El horror… el horror…

El horror… el horror…
El miedo enmascarado, ilustración de Bego Blazquez.
Javier Santamarta del Pozo el

El miedo es muy sano. Yo aún diría más. El miedo ha salvado más vidas que el arrojo. Obvio. La temeridad, aunque sea por ignorancia, prevención, apocamiento o, simplemente, cobardía pura y dura, es sinónimo de supervivencia. Porque todos los que han visto una película de terror, saben bien que no hay cosa que proteja más que cubrirse, bien con la mantita en el el sofá, bien con el edredón por completo en la cama, para estar a salvo, tras ir apagando presuroso las luces del pasillo camino del dormitorio con la sensación en el vello del cogote de que algo está ahí. Detrás tuyo. Y espera su ocasión para matarte. El miedo es el sentimiento más humano. El que nos devuelve a nuestra época atávica irracional (pues nunca hemos dejado de serlo), en la que el rayo, el viento, las alimañas… nos sobrecogían. En que el crepitar de las mil patas de una escolopendra o la múltiple mirada de una araña, arraigaron fobias en nuestra amígdala cerebral.

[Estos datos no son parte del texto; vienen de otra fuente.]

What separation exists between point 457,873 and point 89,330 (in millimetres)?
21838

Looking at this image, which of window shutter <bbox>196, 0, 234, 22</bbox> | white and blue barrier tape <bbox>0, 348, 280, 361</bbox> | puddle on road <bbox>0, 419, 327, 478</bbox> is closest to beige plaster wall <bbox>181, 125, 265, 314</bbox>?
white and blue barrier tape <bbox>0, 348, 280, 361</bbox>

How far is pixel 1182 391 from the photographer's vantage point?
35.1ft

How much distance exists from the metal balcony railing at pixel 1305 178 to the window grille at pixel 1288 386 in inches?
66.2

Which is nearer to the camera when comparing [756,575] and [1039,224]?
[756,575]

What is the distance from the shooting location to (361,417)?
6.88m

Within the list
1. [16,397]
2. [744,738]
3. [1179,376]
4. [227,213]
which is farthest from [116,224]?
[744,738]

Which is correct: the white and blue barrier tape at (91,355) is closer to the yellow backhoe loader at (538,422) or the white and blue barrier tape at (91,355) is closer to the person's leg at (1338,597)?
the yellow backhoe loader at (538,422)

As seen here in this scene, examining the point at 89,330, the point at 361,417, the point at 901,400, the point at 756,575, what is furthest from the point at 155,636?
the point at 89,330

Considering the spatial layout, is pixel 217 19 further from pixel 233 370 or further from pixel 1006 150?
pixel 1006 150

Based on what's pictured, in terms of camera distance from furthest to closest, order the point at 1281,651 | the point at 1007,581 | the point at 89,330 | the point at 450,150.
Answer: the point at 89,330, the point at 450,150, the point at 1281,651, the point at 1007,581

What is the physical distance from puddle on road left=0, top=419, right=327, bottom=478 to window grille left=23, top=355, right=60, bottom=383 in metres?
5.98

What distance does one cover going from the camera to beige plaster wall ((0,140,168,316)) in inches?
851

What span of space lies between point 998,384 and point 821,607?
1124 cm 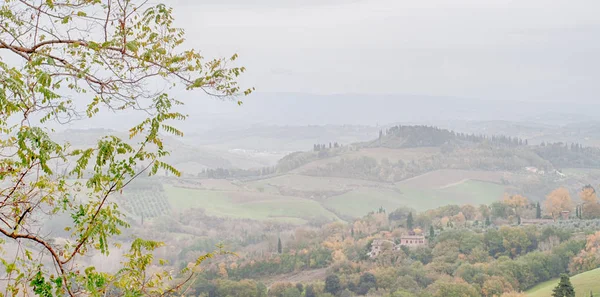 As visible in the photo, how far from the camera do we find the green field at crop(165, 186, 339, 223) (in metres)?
97.8

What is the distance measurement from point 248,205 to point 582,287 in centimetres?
7164

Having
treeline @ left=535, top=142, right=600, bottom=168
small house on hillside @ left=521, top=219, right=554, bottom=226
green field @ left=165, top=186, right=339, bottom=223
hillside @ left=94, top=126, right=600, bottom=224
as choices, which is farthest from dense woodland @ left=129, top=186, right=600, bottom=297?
treeline @ left=535, top=142, right=600, bottom=168

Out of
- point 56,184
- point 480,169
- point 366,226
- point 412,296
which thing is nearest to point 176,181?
point 366,226

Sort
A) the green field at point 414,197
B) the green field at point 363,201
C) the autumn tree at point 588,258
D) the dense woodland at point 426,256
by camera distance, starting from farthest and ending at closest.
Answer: the green field at point 414,197 → the green field at point 363,201 → the autumn tree at point 588,258 → the dense woodland at point 426,256

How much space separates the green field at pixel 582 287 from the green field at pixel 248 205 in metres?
55.5

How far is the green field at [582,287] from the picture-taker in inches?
1420

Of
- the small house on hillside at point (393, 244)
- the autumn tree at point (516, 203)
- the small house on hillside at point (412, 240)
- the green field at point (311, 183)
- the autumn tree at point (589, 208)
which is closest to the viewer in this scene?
the small house on hillside at point (393, 244)

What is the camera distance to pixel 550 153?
476ft

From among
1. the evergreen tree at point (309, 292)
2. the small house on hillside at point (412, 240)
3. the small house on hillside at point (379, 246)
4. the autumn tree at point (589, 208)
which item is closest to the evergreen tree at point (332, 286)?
the evergreen tree at point (309, 292)

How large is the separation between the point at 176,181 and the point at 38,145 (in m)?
118

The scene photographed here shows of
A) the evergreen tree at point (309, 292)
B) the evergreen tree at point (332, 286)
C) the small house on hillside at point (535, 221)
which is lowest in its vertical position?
the evergreen tree at point (309, 292)

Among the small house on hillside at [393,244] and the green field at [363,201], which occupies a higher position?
the green field at [363,201]

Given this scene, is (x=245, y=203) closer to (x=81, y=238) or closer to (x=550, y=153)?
(x=550, y=153)

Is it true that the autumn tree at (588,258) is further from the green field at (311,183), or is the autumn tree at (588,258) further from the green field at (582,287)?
the green field at (311,183) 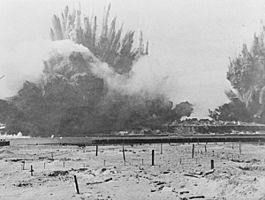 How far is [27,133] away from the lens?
15900cm

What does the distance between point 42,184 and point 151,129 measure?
14221 centimetres

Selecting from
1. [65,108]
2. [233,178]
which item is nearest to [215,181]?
[233,178]

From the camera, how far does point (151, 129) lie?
17438cm

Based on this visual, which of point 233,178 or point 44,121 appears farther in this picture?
point 44,121

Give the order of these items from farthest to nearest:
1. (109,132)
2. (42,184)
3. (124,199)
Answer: (109,132) → (42,184) → (124,199)

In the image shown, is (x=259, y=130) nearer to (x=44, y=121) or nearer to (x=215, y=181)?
(x=44, y=121)

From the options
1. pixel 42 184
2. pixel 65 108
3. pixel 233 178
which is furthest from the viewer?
pixel 65 108

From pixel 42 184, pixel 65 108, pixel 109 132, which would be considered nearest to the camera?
pixel 42 184

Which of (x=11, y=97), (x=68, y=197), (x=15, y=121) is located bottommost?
(x=68, y=197)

Cuando, como Espía Mayor, recorro en solitario las luengas naves del palacio monasterio, donde las pisadas propias resuenan en seco eco devuelto en un silencio sobrecogedor, cualquier mínimo ruido te pone en guardia. La oscuridad ilumina nuestra imaginación con todas las posibles pavuras. Reales o no. Por eso la noche es oscura y alberga horrores. Por eso los cuentos para los niños no son amables. No quieren serlo. ¡Quieren dar miedo! Producir turbación en quienes los lean, para advertirles de que no siempre hay finales felices. Pero vino Disney y fue el remate de la evolución edulcorada de esas admoniciones en forma de fábulas, para los más jóvenes.

Caperu y el lobo justo en pleno tête-à-tête. Grabado de Gustavo Doré.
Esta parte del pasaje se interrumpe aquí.